Think Massimo Vignelli’s NYC subway system. Vintage National Park Service pamphlets, maps, trail routes, safety signage, some of the most underrated information design ever made (and now highly collectible). None of it was trying to be pretty. It was trying to be useful, and in the end, aged better than almost anything.
"Mid-century civic design was built to communicate clearly to everyone, including people who were stressed, in a hurry, or unfamiliar with the system they were navigating. That's exactly what GovSkills needs to do."
That influence even made its way into our color names. “Eames” isn’t just a nod to Charles and Ray Eames, it’s a direct pull from their world. That yellow-green showed up everywhere: avocado upholstery, fiberglass Herman Miller chairs, graphic systems of the era. It feels rooted and optimistic at the same time, the same feeling that defined mid-century public service design at its best.
A great design system shouldn't call attention to itself. It should evolve quietly and respond naturally to the problem space.
Job hunting is stressful under any circumstance, and government hiring adds layers that can feel overwhelming. When someone is searching for a job, they are often anxious, time pressured, or making a meaningful decision about their future. The design should not add to that weight, but rather reduce it.
[ Photos of our branding throughout ]
That's why the spacing is generous, not for aesthetics, but to lower cognitive load. The breathing room gives information space to land before the next piece arrives.
That's why we chose Public Sans for body copy: it was literally built by the U.S. Web Design System for government digital services, optimized for legibility across screens, ages, and reading abilities. And PT Serif for headlines — originally designed for public use and maximum legibility, with a weight that feels civic and authoritative without veering into corporate.

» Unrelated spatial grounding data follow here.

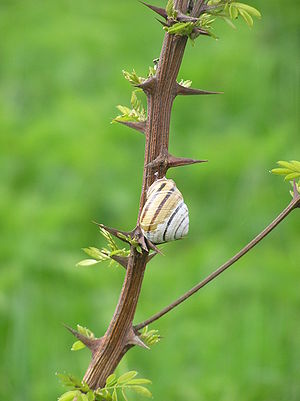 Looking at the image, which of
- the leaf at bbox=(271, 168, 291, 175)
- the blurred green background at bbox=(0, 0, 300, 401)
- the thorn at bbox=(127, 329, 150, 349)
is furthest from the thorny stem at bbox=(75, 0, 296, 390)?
the blurred green background at bbox=(0, 0, 300, 401)

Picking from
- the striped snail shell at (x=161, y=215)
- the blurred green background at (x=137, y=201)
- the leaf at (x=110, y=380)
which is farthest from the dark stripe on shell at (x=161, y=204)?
the blurred green background at (x=137, y=201)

The color system carries the same philosophy. What makes it actually work at scale is the tonal palette we built underneath each one.
Our brand colors (Olive, Eames, Gold, and Stone) have twelve steps, running from near-white all the way to a near-black. The lightest tones handle the quiet moments: backgrounds, subtle hierarchy, a little breathing room. The middle range does the heavy lifting across the interface. The darkest values anchor things when you need real weight and contrast. This creates flexibility and helps meet WCAG accessibility standards.
Nothing in our design is arbitrary. Everything was done with intent.
Here’s the thing about doing the foundational work properly: it makes everything else faster.
The FigJam session, the values conversations, and the deep dive into mid-century civic design history was the design work. The rest was execution. And honestly, that’s how it should be.
Vignelli spent months studying how people actually moved through subway stations before he sketched a single line of that map. The research wasn't a warm-up, it was the work.
"A rebrand is an alignment exercise. You’re not changing who you are, you’re making sure how you look matches what you believe. "
The moodboards were waiting for us the whole time. We just needed to earn them first. Because once the foundation is clear, the visuals almost design themselves.